By revoking the entitlement to assistance, Congress authorized state and local agencies to exercise new forms of discretion. Eliminating policies and practices designed to guarantee equal treatment under the previous welfare program and creating new rules to regulate poor mothers’ domestic lives, lawmakers reorganized poverty policy to be more like private charitable giving. Under the new TANF policies, states can require poverty agency staff to make distinctions among parents, based on their perceptions of the applicants’ ability to work and parents’ domestic situations. In some states case managers use these evaluations to determine who can enroll in the program and what types of services and requirements will be incorporated within individualized participation agreements. The 1996 federal poverty legislation also limited the time parents could be eligible for federally subsidized assistance to a total of 5 years and allowed states to impose even shorter time limits.

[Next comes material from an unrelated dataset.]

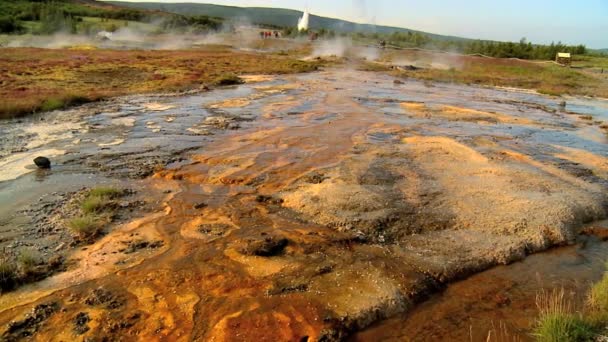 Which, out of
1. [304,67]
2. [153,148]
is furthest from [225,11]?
[153,148]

In addition to recommending that lawmakers restructure government policies and practices to resemble norms and practices exercised by market actors and private charities, neoconservatives also recommended granting new regulatory authority to nongovernmental institutions to supplement the supervisory capacities of the governmental sector. Governments already contracted with for-profit firms and community-based organizations for other types of services, so federal guidelines were in place to regulate contracts with these types of organizations. However, federal and state lawmakers had to pass new legislation to allow state and local governments to contract with faith-based organizations to provide guidance to parents enrolled in the new poverty programs. In addition, some state governments went further in reorganizing the network of local agencies administering the state’s new TANF program, shifting from the standard fee-for-service contract arrangement to new market-like fixed-sum contracts or performance-based contracting.

Pursuing changes that remade agencies administering the new poverty programs more like market actors and private charities changed the boundaries between the state, civil society, the market, and the home. Eliminating the entitlement to assistance freed the state from the previous obligation to provide poor parents with cash assistance. This opened the way for new forms of discretion and for a new understanding of receiving assistance as a contractual act in which poor citizens voluntarily agree to new forms of state regulation in exchange for access to cash assistance and other services. However, because U.S. society currently holds public and private institutions accountable for different kinds of performance, the shift to market contracts with an array of governmental and nongovernmental organizations, in the context of new forms of discretion, also raises questions concerning the level of public representation in policy making, the degree of transparency in program implementation, and appropriate fiscal and employment practices.

Bibliography:

  1. Mead, Lawrence. 2001. Beyond Entitlement: The Social Obligations of Citizenship. New York: Free Press.
  2. Novak, Michael et al. 1987. The New Consensus on Family and Welfare. Washington, DC: American Enterprise Institute.
  3. Starr, Paul. 1988. “The Meaning of Privatization.” Yale Law and Policy Review 6:6-41.
  4. Weaver, R. Kent. 2000. Ending Welfare as We Know It. Washington, DC: Brookings Institution Press.